Side-by-Side Example: So What? Section
See the full side-by-side of Kathy's Message Box here.
By not accounting for connectivity between protected areas, many species of wildlife will become endangered—adding to an already overburdened ESA/USFWS and making the ESA even more contentious than it already is
For example, my dissertation work is focused on mountain lions in southern California. This is one of the most populated areas in the country with a projected human population of 40 million people by 2050. Mountain lions here are getting hammered by roads and human development. In fact, my population is one of the most isolated in the US and is showing troubling signs of inbreeding. We are scrambling to identify and restore connections to this population, when, if some forethought and planning was done as development was increasing, this situation could have been avoided.

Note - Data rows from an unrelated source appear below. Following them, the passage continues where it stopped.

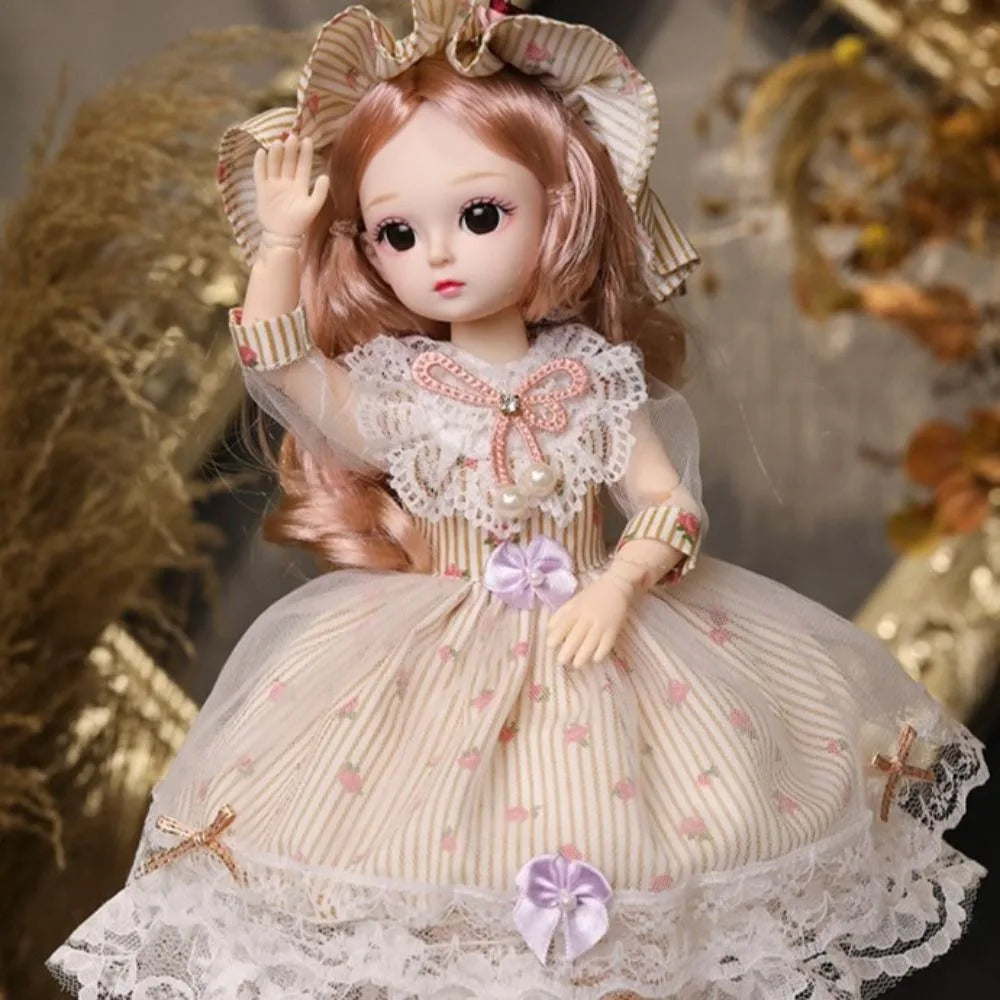Plastic 30CM Movable Joint Doll Cute Princess Toy Safety Girl Dress Up Toys 3D Makeup Doll With Music Children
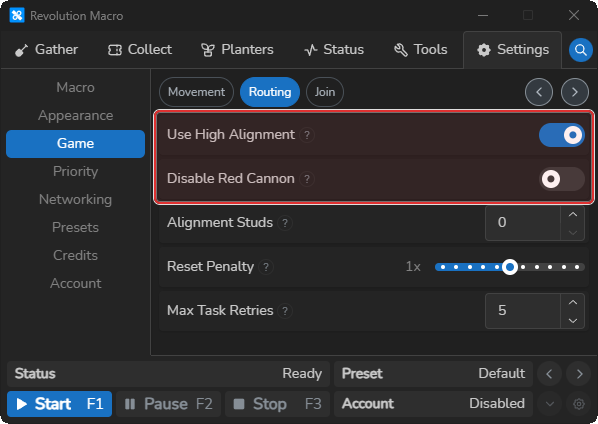 Game Routing settings with Use High Alignment and Disable Red Cannon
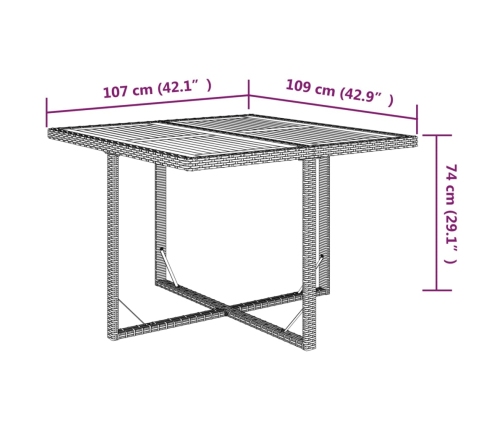 Set comedor de jardín 9 pzas con cojines ratán sintético beige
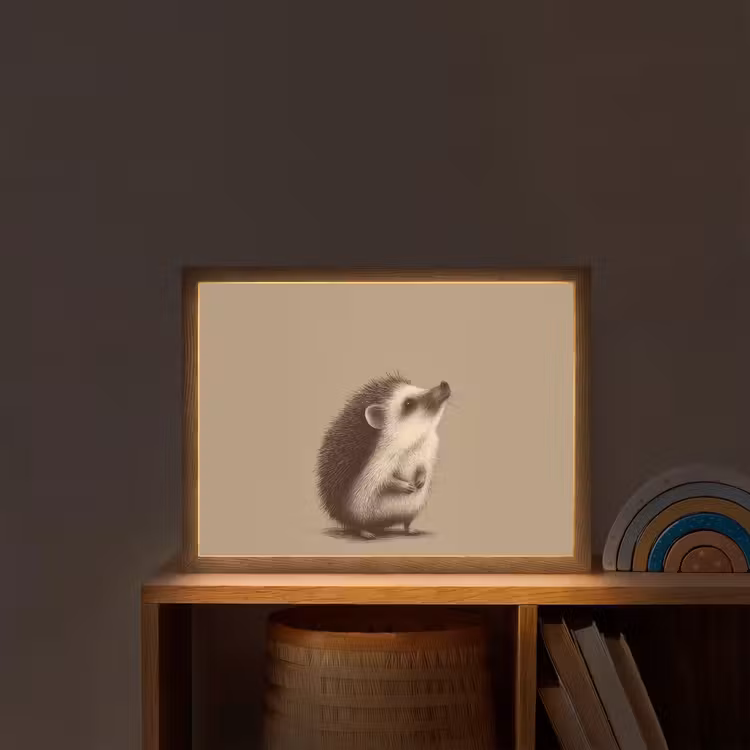 Egel - Snuitje - Bruin - Stekels Light Box met batterij (Wandlamp kind) middel -sfeer1_kind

This is one example of one population and one species, just multiply this across the country and # of species and you can start to see what a problem this can become. And how a visionary corridors plan at the national level would be key. Healthy populations less likely to get into conflict with people
Another example that may hit closer to home—our kitchens and human health is of pollinator species. By not providing connectivity for these species it can hinder the maintenance of wild plan diversity, narrow ecosystem stability, and reduce crop production. Pollinators contribute more than 24 billion $$ to the US economy. It has been shown that providing just one strip of pollinator vegetation can promote their movement between crops and foster pollination.
This includes a lot of detail, such as statistics on human population growth in one region of the country, inbreeding in mountain lions, the issue of land use planning, a variety of impacts on pollinators, and some acronyms that her audience might not understand. The essence of why her audience should care can get lost in the details.

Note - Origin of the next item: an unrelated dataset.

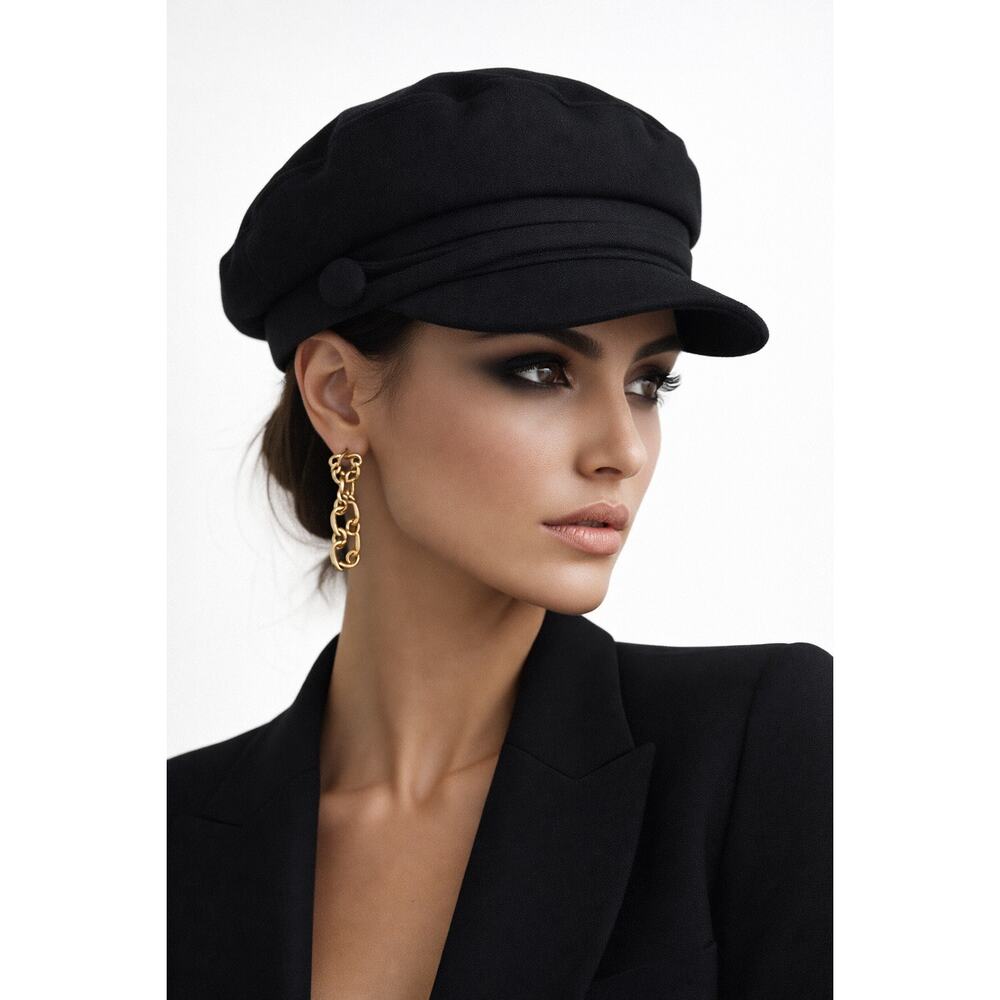 Black Suede Style Newsboy Baker Cap Structured Curve Brim Side Button XS S - Picture 4 of 12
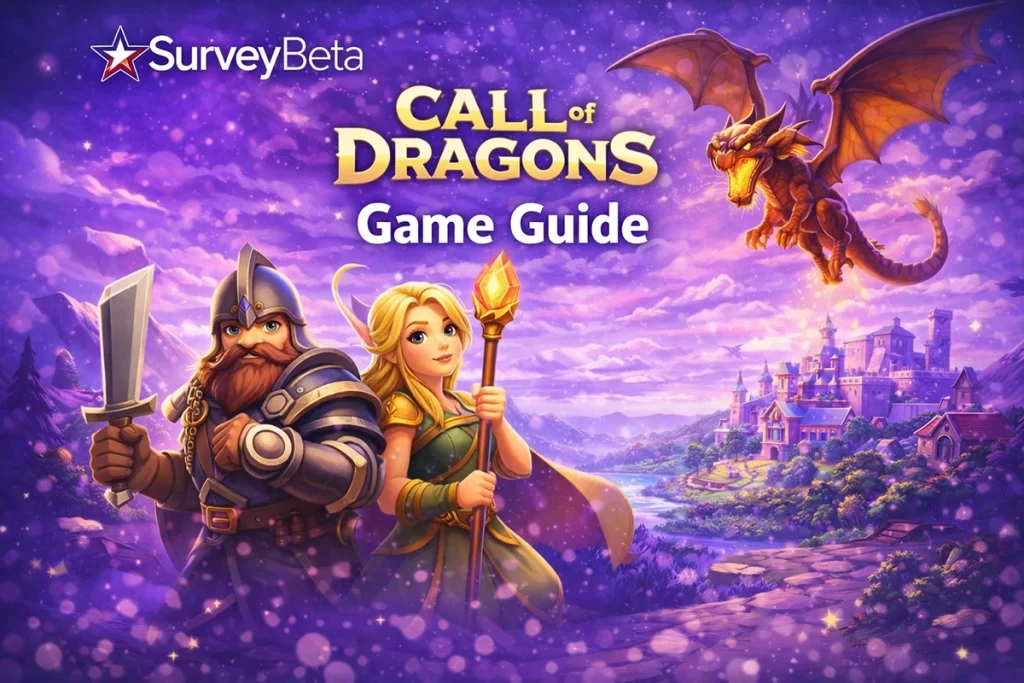 SurveyBeta Call of Dragons game guide featuring fantasy heroes and dragon gameplay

Wildlife provide recreational, aesthetic, spiritual, and economic value to Americans and support healthy ecosystems. Each year, wildlife viewing, hunting, and fishing pump over $145 billion into the US economy.
Wildlife survival depends on day-to-day movements, seasonal migration, or the shift of a species' geographic range in response to climate change. This includes species such as elk, pronghorn, mountain lions, salmon, and more.
Here, Kathy makes two main points: that wildlife are important and that their survival depends on their ability to move across landscapes. In discussing why wildlife are important, she frames her message in a way that includes a diverse range of values that members of Congress and their constituents might care about, including economic, recreational, aesthetic and spiritual.